Sie werden sich erinnern: Faul seien die Deutschen, sagten die Marktbeobachter, soziales Fett hätten sie angesetzt. Man könne sie nur mit der Hartz-IV-Peitsche an die Arbeit treiben. In der Zeit globaler Wettbewerbe sollten sie gefälligst länger arbeiten und auch für weniger Geld. Wer zaghaft einwandte, dass ja auch die Arbeitsproduktivität der Deutschen um ein Erhebliches höher läge als zum Beispiel die der Chinesen, dem wurde klar gemacht, dass es die Maschinen wären, die mehr und besser produzierten und die gehörten nun mal nicht denen, die sie bedienten. In diesen Tagen ist zu erfahren, dass die Deutschen schon lange länger arbeiten als viele andere.

Die EU-Agentur für Arbeit, kaum einer besonders linken Neigung verdächtig, stellt fest, dass die Deutschen im europäischen Vergleich einen Spitzenplatz in der Wochenarbeitszeit einnehmen: Mit 41,1 Stunden liegen sie damit weit über Frankreich (37,7 Wochenstunden), oder Dänemark und Italien. Das ist der Aufschwung in der Merkelei: Mehr Überstunden, weniger Tarifvertrag. Wer sich die Spitze der Arbeitszeitparade ansieht, der findet dort, neben Bulgarien und Tschechien, das von den Neoliberalen so gepriesene England.

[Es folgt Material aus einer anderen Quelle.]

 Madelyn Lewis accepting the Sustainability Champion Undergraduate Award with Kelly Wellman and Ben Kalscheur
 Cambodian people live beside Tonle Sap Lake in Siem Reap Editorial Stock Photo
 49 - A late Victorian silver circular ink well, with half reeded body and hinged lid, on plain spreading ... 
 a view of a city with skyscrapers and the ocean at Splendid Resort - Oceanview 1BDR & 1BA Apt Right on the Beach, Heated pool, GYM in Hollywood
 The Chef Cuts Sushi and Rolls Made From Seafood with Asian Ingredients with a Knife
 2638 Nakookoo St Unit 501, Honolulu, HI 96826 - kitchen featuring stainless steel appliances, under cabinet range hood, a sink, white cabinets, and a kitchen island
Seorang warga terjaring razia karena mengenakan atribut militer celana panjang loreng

Bei Leuten wie Westerwelle oder Müntefering ist das Gedächtnis ja meist schlecht, deshalb muss man sie an ihre Lobpreisungen erinnern - sei es über den Thatcherismus oder den Blair-Kult - die sie über England als Muster für den neuen deutschen Weg ausgossen. Inzwischen ist England ein Muster ohne Wert: Krise, Armut und zerrüttete Verhältnisse könnte Großbritannien zur Zeit am besten exportieren, wenn diese Waren denn jemand haben wollte.

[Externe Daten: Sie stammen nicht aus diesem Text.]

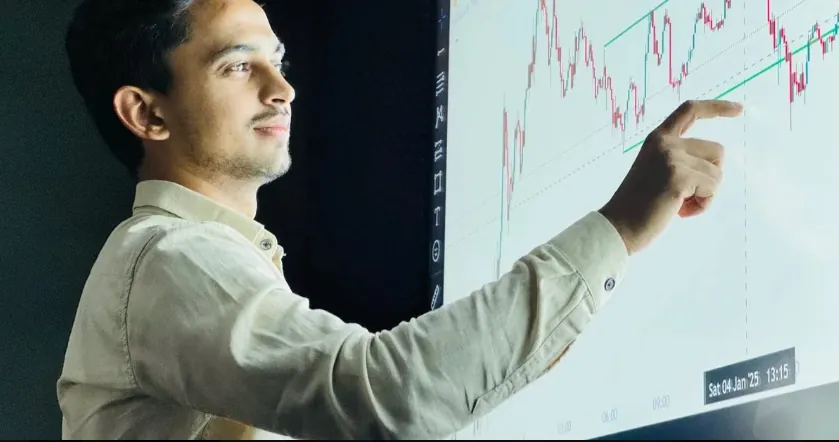 Analyst reviewing stock price chart on best trading app display screen during market analysis session.
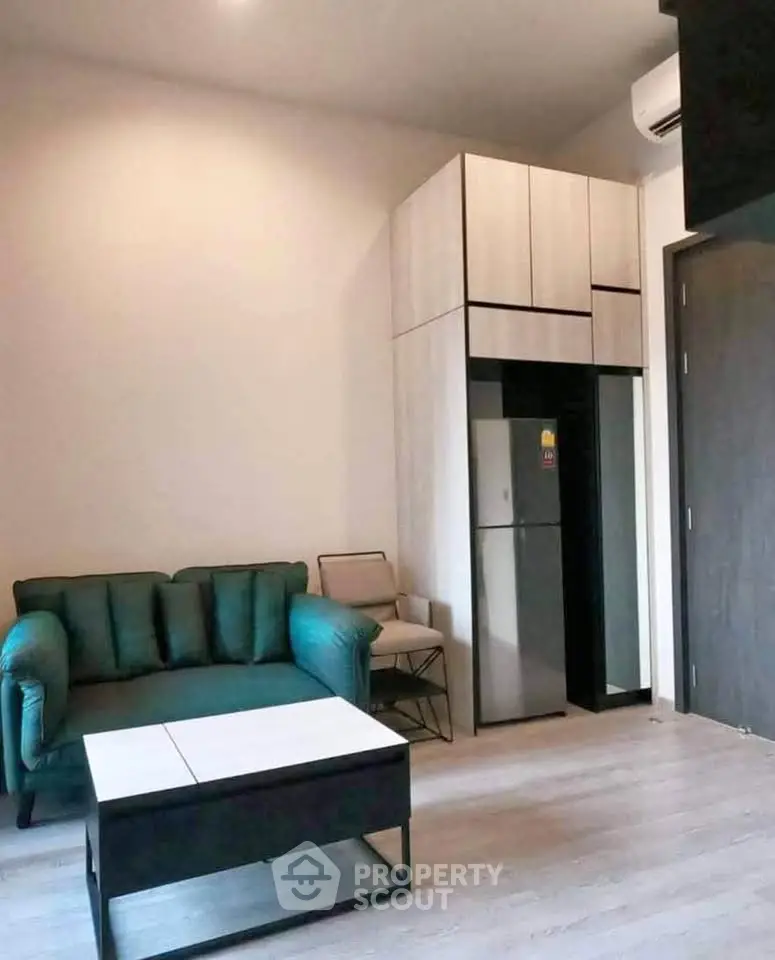 Modern living room with stylish furniture and compact kitchen area, perfect for urban living.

Nach dem Aufstieg der Agenda 20/10-Kämpfer Steinmeier und Müntefering an die Spitze einer einstmals sozialdemokratischen Partei, erscheint es doppelt sinnvoll, eine weitere Lüge zu besichtigen: Die Deutschen verdienen zu viel, erzählten Alt- und Neuliberale übereinstimmend. Doch während die Löhne in Ländern wie Frankreich und England in den letzten acht Jahren kräftig angestiegen sind, sagt das Statistische Bundesamt, liegt die Teuerungsrate in diesem Jahr in Deutschland erneut über der Lohnsteigerung. Für deutsche Arbeitnehmer enthält diese Meldung keine Neuigkeit: Dass man weniger Lohnprozente bekommt, als man an Inflationsrate zahlen muss, mit diesem Zustand leben sie geduldig schon seit Jahren. Genau hier ist die Hartz-IV-Peitsche erfolgreich: Wenn ich noch einen halbwegs bezahlten Arbeitsplatz habe, sagt sich der Durchschnittsdeutsche, mucke ich lieber nicht auf. Wer will schon von 350 Euro monatlich leben?

Wenn sie es wenigstens könnten, die Heilsprediger des Marktes, der Privatisierung und des kapitalistischen Glücks! Wenn sie auch nur die Klassiker des Privateigentums, die Banken, sicher durch die Krise brächten. Aber genau die sind die Hauptverursacher des weltweiten Desasters. Ihre Gier, ihre Maßlosigkeit und ihre Komplizenschaft mit den Spitzen der Politik hat die Welt an den Rand des ökonomischen Niedergangs getrieben. - "Siehe sprach der Herr, der Besitz ist mein, ich habe, also verfüge ich. Rechenschaft muss ich nicht ablegen, denn wer hat, dem wird gegeben und wer nichts hat, der ist selber schuld". Dieser Auszug aus dem Nachtgebet eines Besitzers steht zwar nicht im Grundgesetz, beschreibt aber seine Wirklichkeit. Eine Wirklichkeit, deren Auswirkungen immer unwirklicher erscheinen.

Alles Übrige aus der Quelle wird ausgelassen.